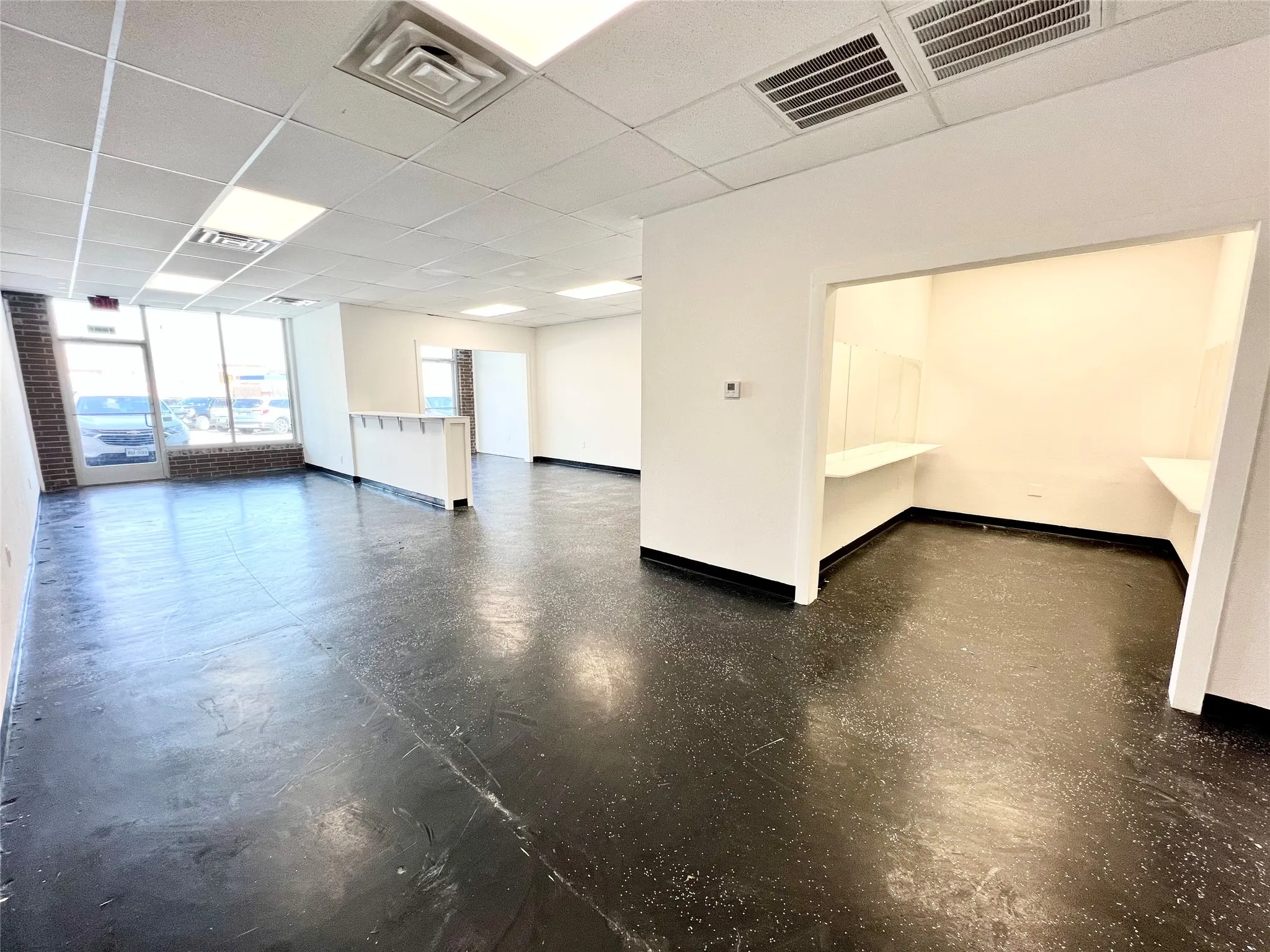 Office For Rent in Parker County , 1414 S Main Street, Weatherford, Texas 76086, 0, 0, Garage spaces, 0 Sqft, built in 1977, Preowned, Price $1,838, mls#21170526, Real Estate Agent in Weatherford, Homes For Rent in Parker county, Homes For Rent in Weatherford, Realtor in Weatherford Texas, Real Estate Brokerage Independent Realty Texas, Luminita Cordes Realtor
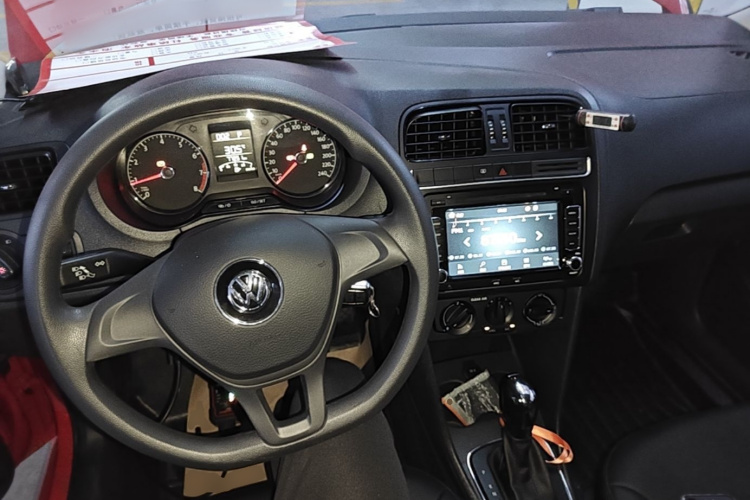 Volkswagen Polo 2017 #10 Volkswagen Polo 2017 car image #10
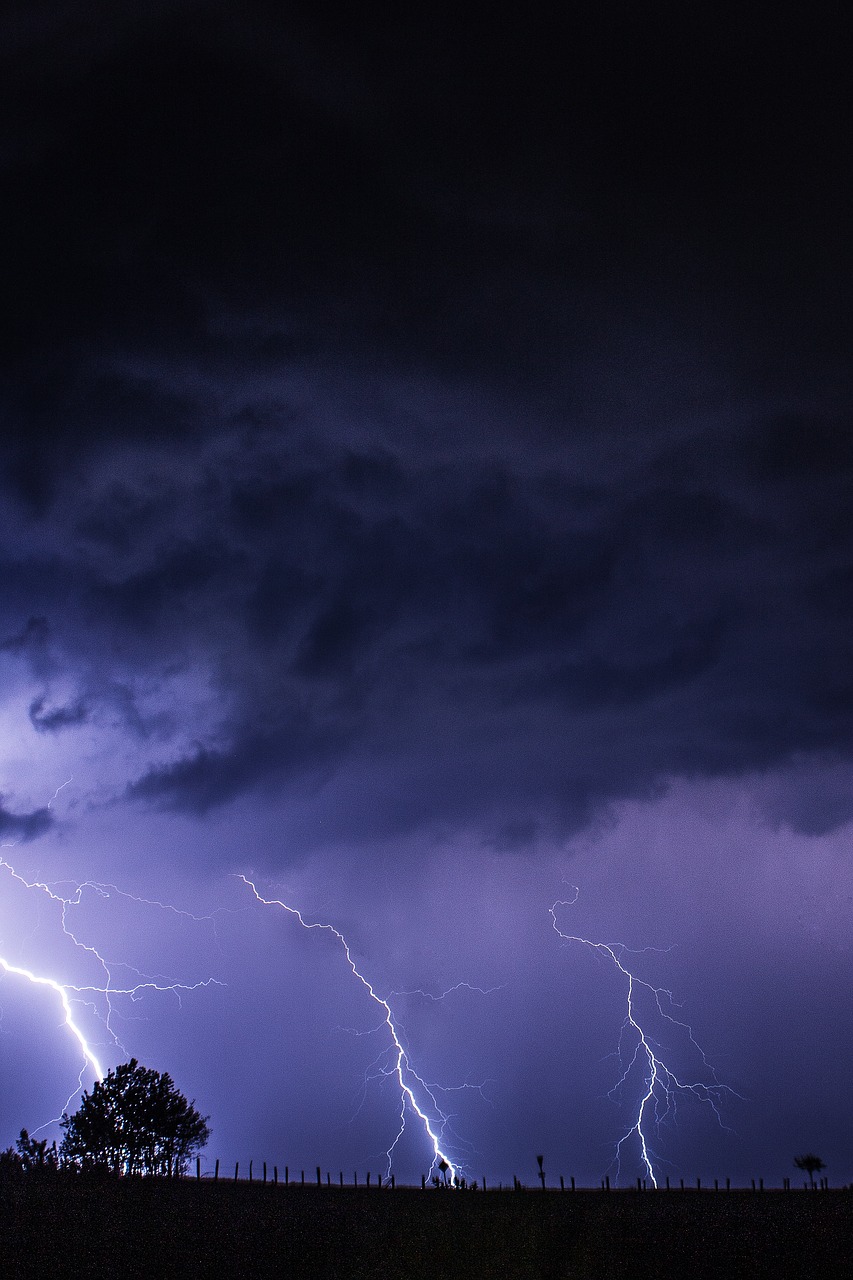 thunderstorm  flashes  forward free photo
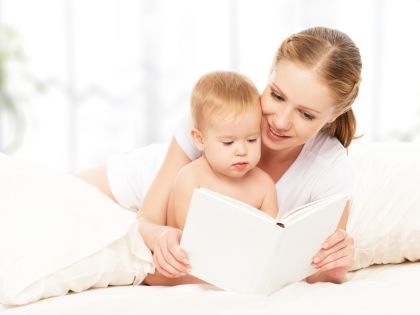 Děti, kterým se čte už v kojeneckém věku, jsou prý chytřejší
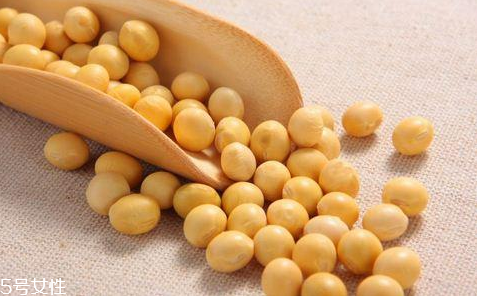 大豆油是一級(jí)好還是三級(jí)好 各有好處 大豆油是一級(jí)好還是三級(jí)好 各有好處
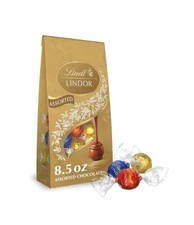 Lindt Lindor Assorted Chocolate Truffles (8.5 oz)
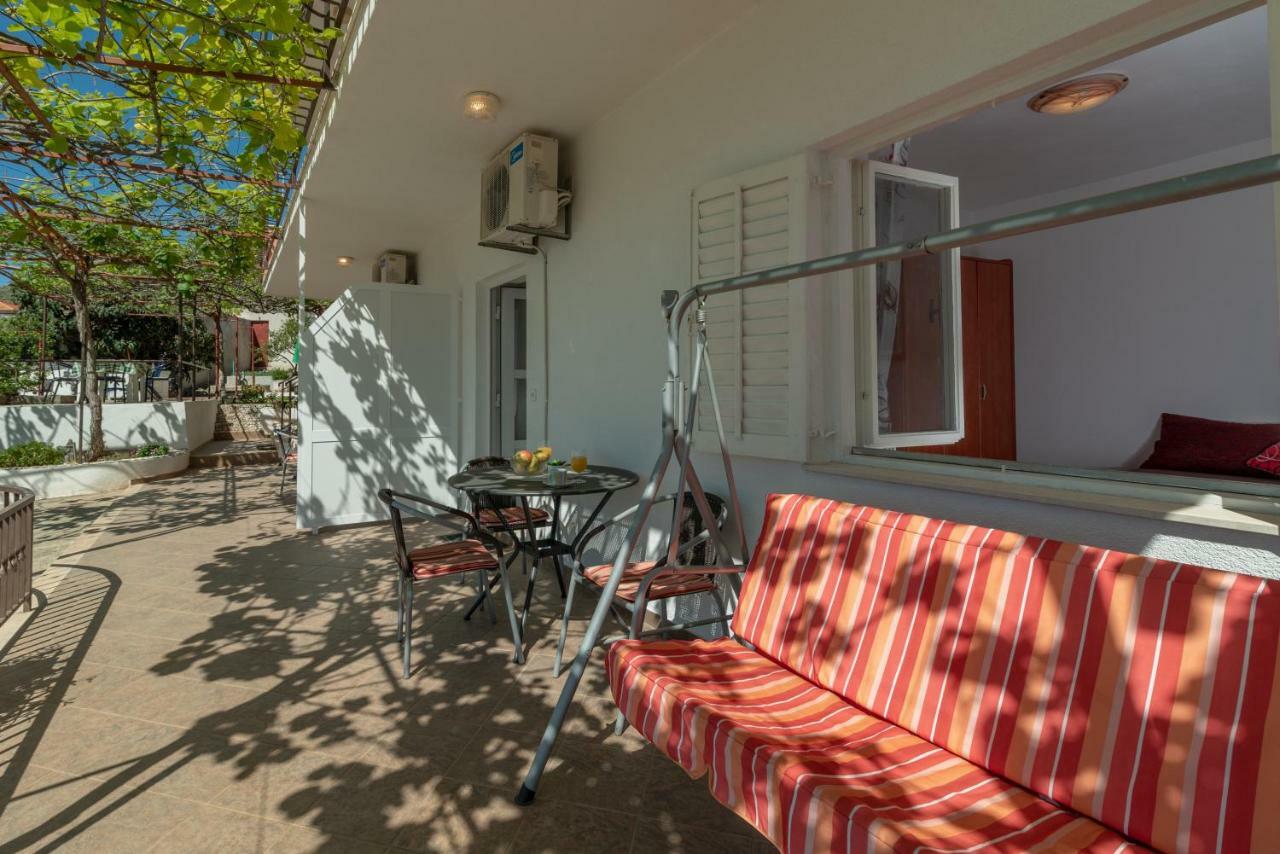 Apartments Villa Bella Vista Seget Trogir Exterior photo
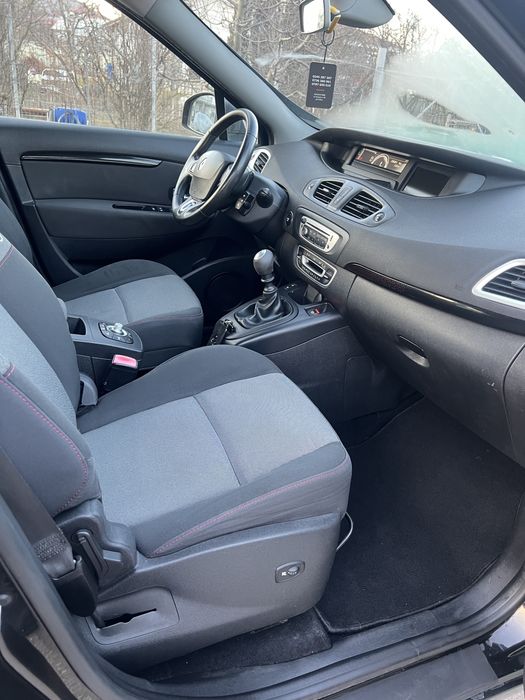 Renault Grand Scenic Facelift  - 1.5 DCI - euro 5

......

• [TASK ITEM]: If a line falls between the one containing "Lindt Lindor Assorted" and the last line of the entries above, both included, reproduce it exactly; leave the pictures out.

• [TASK ANSWER]:
 Lindt Lindor Assorted Chocolate Truffles (8.5 oz)
 Apartments Villa Bella Vista Seget Trogir Exterior photo
 Renault Grand Scenic Facelift  - 1.5 DCI - euro 5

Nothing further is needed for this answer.